Trust me, safety is extremely important to me thus I am very observant of my surroundings. i.e. hunter orange, houses, etc. My first shot or two usually don't miss anyhow, they just slow 'em down a little so I can place my 3rd shot with pin-point accuracy. 

I know what the hell I'm doing, I just don't know what others are doing, thats why I'm scared to go in the woods during gun season and thats why I would never gun hunt on public land because you just don't know who is going to be out there.........


----------



## noboatdave (May 5, 2004)

You hit him in the rear with the first shot. The second shot takes off his lower jaw. In the excitement of unloading that last round on that big 'ol buck you short stroke the pump and now you have to clear your jammed action. In the mean time that big 'ol buck has run full bore over the hill and is now out of sight. 

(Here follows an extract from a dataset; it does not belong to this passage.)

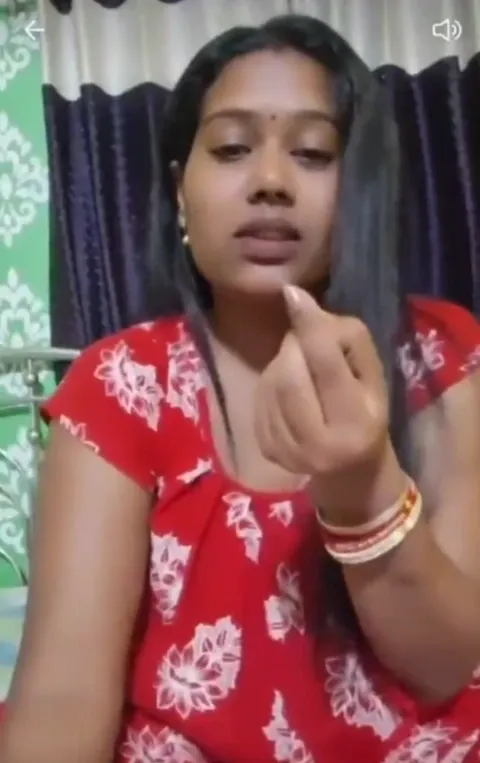 Desi Rita Aunty Strips Her Nightie, Spreading her Legs Wide & Rubs Pussy on Live Cam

Since neither round has hit a vital organ, or even a large artery, very little blood is on the ground and the trail is quickly abandoned. Since the deer was 100 yards away when you unloaded on him you have no idea where you hit and assume it was just a flesh wound and that big 'ol buck will be ok. Meanwhile 2 hollers away, curled up in brush pile, that big 'ol buck has begun the long process of dieing of starvation and sepsis.


----------



## bronzebackyac (Apr 19, 2005)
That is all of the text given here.